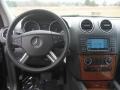 Black - ML 350 4Matic Photo No. 13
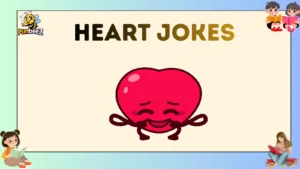 heart jokes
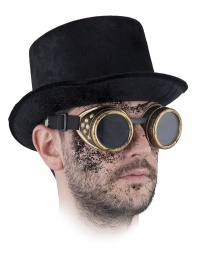 GAFAS STEAMPUNK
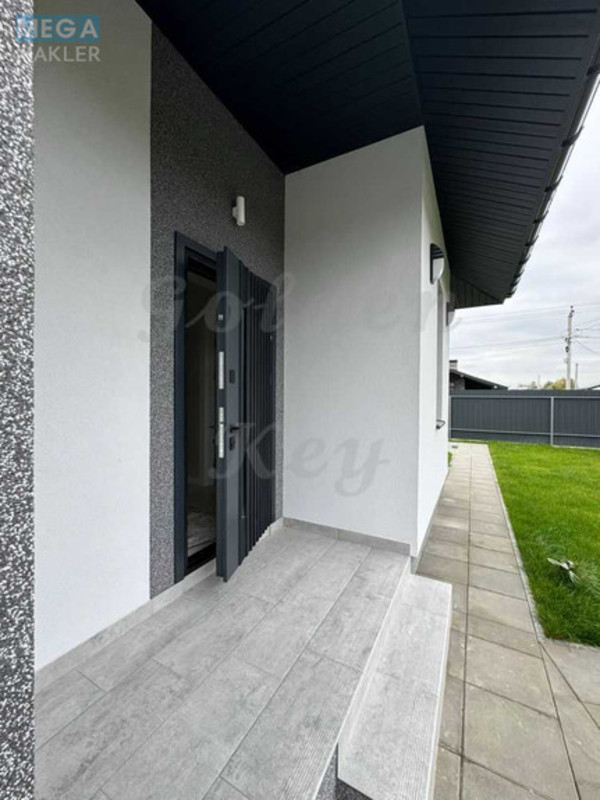 Продаж дома, 2 поверху, 141 кв.м, 3 кімнати, ділянка 6 соток, <a class="location-link" href="/gnedin/" title="Недвижимость Гнідін">Гнідин</a>, Бортницька, 56 (изображение 20)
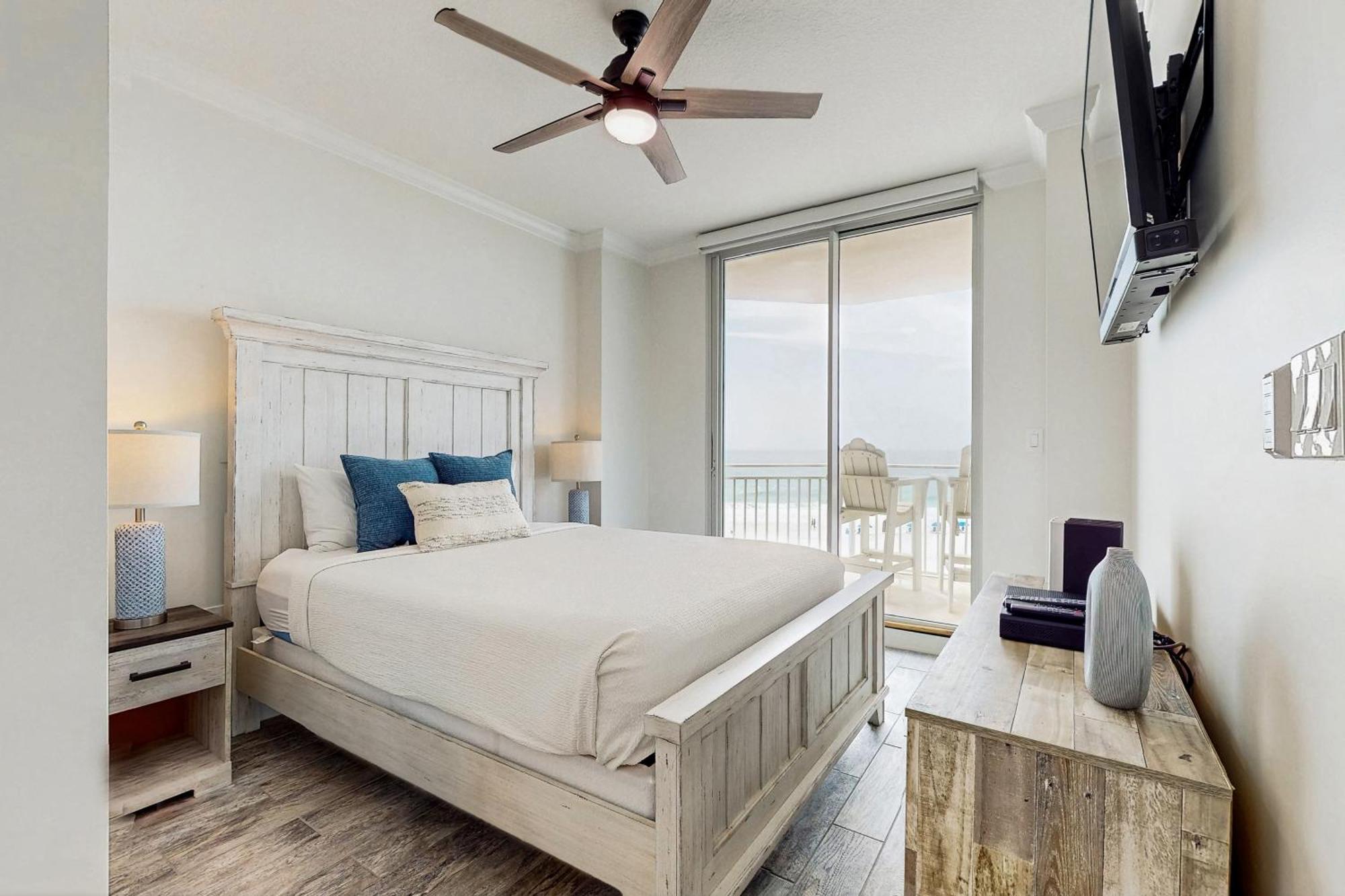Waterscape Apartment Fort Walton Beach Ngoại thất bức ảnh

- - - - -

**Your task:** Each record should be quoted exactly, with the images omitted.

**Response to the task:**
 Black - ML 350 4Matic Photo No. 13
 heart jokes
 GAFAS STEAMPUNK
 Продаж дома, 2 поверху, 141 кв.м, 3 кімнати, ділянка 6 соток, <a class="location-link" href="/gnedin/" title="Недвижимость Гнідін">Гнідин</a>, Бортницька, 56 (изображение 20)
Waterscape Apartment Fort Walton Beach Ngoại thất bức ảnh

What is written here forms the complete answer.